When using the native OVS firewall driver, security rules are not generated correctly.

For example if a security rule is added to allow traffic on port 22 and protocol TCP, the port 23 is also allowed due to the incorrect generation of port ranges.

The user using OVS firewall driver is unaware of the fact that traffic on port 23 is allowed, since the security groups report that only port 22 is open.

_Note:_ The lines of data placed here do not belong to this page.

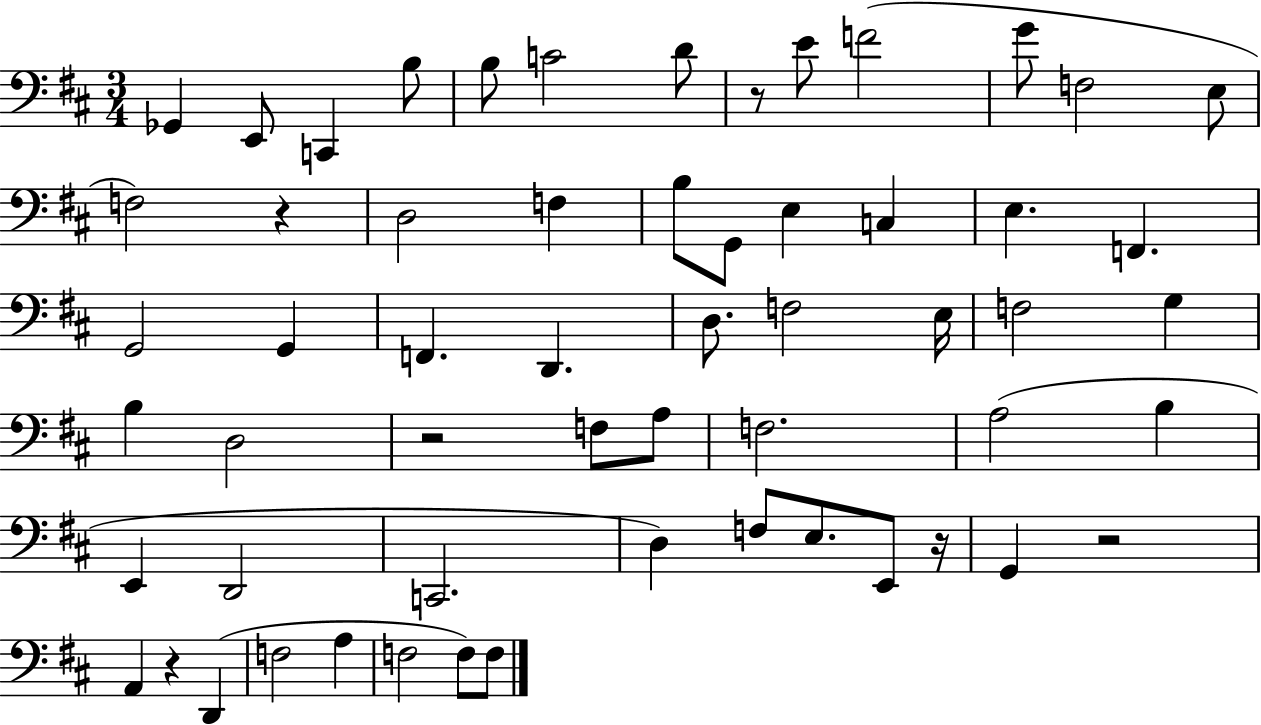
{
  \clef bass
  \numericTimeSignature
  \time 3/4
  \key d \major
  \repeat volta 2 { ges,4 e,8 c,4 b8 | b8 c'2 d'8 | r8 e'8 f'2( | g'8 f2 e8 | \break f2) r4 | d2 f4 | b8 g,8 e4 c4 | e4. f,4. | \break g,2 g,4 | f,4. d,4. | d8. f2 e16 | f2 g4 | \break b4 d2 | r2 f8 a8 | f2. | a2( b4 | \break e,4 d,2 | c,2. | d4) f8 e8. e,8 r16 | g,4 r2 | \break a,4 r4 d,4( | f2 a4 | f2 f8) f8 | } \bar "|."
}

Output for the nova security group rules:
+-------------+-----------+---------+-----------+--------------+
| IP Protocol | From Port | To Port | IP Range | Source Group |
+-------------+-----------+---------+-----------+--------------+
| tcp | 22 | 22 | 0.0.0.0/0 | |
+-------------+-----------+---------+-----------+--------------+

Flow added in OVS on the host:
 cookie=0xa1e95f1bc2f3773a, duration=3.338s, table=82, n_packets=0, n_bytes=0, idle_age=3, priority=70,ct_state=+new-est,tcp,reg5=0xa04,dl_dst=fa:16:3e:c0:1c:46,tp_dst=0x16/0xfffe

Expected output: Only traffic on port 22 was expected to be allowed.
Actual output: Traffic on port 22 and 23 is allowed.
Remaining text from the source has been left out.